Dopo questo splendido monumento alla tragicità mozartiana, presaga di sofferte atmosfere romantiche, con la Quarta Sinfonia op. 36 di Cajkovskij siamo proiettati nella temperie tardo-ottocentesca di una soggettività figlia del Romanticismo, ma già venata del disperato senso di morte delle opere del Decadentismo. Composta tra la fine del 1876 e la fine dell’anno successivo, la Quarta reca i segni del tormento esistenziale di Cajkovskij, angosciato dalla propria omosessualità e dalla condanna sociale che essa gli avrebbe procurato, se resa nota; la lettera d’amore inviatagli dalla sua allieva Antonina Milyukova sembrò al compositore, inizialmente, un’ancora di salvezza, ma dopo sole 3 settimane dal matrimonio con lei Cajkovskij fuggì in Ucraina dalla sorella e, più tardi, costretto a riunirsi di nuovo alla moglie a Mosca, tentò di suicidarsi, gettandosi nella Moskova gelata. Unico raggio di luce in questa angosciosa situazione fu l’ammirazione – e poi il sostegno materiale per 16 anni – di una ricca vedova quarantaseienne, Nadezda von Meck, che divenne la confidente del compositore e segreta dedicataria della Quarta Sinfonia.

In questo capolavoro, fin dalle prime battute dell’Andante sostenuto che apre il primo movimento, si sente risuonare il tema del Fato, secondo quanto l’autore scrisse alla sua mecenate a proposito di una sorta d’interpretazione psicologica della Sinfonia, la quale rispecchierebbe la lotta contro il destino che, a differenza del titanismo beethoveniano, si risolve nella sconfitta e nella sofferenza di un antieroe, che Cajkovski rappresentò anche nella sua tragica esperienza biografica.
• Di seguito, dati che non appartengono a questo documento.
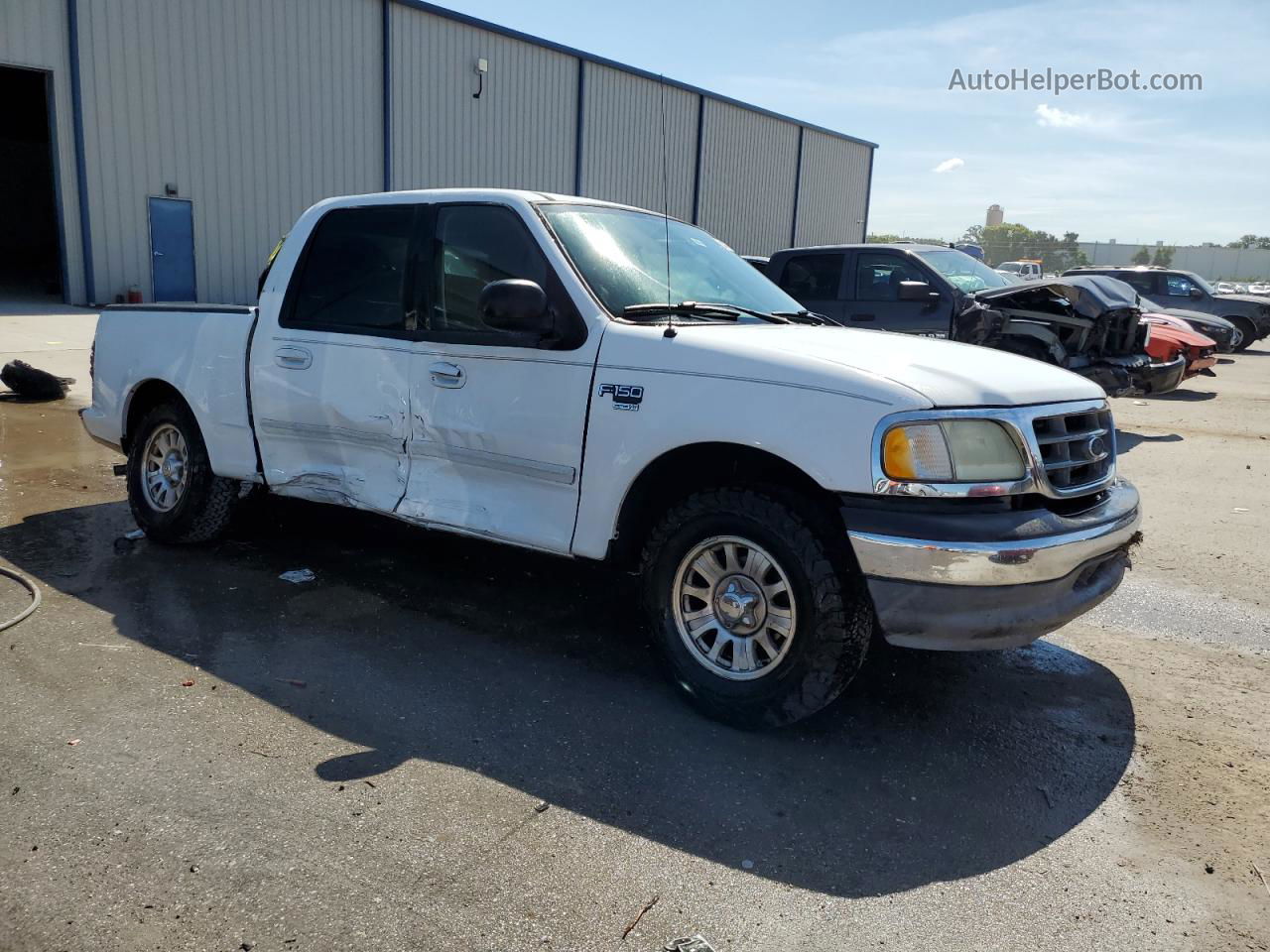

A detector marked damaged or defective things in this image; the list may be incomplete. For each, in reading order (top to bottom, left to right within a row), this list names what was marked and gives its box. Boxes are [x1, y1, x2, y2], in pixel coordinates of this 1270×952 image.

Nel Moderato con anima lo spettro di un valzer risuona come un’illusione di spensieratezza, che presto viene scacciata dal ritorno del tema del destino e da perorazioni accorate e drammatiche di tutta l’orchestra. Segue un Andantino in modo di Canzona, in cui si ascolta un canto popolare russo, affidato all’oboe sulla trama del pizzicato degli archi; la parte centrale (Più mosso) propone un andamento danzante introdotto da clarinetti e fagotti, memori del valzer del movimento precedente, oltre al riaffiorare spettrale del tema del Fato. Lo Scherzo, con il pizzicato ostinato degli archi, impegna l’orchestra in un notevole virtuosismo e il Trio centrale (Meno mosso) introduce nuove atmosfere di sapore pastorale. Il fragoroso tema iniziale del Finale (Allegro con fuoco) si alterna con un’altra melodia popolare russa (“Nel campo s’ergeva la piccola betulla”), avviluppandosi in un vorticoso dispiegamento di energia, nel quale riaffiora ancora il motto del tema del Fato, che poi si stempera in una Coda di grandiosa, drammatica vitalità.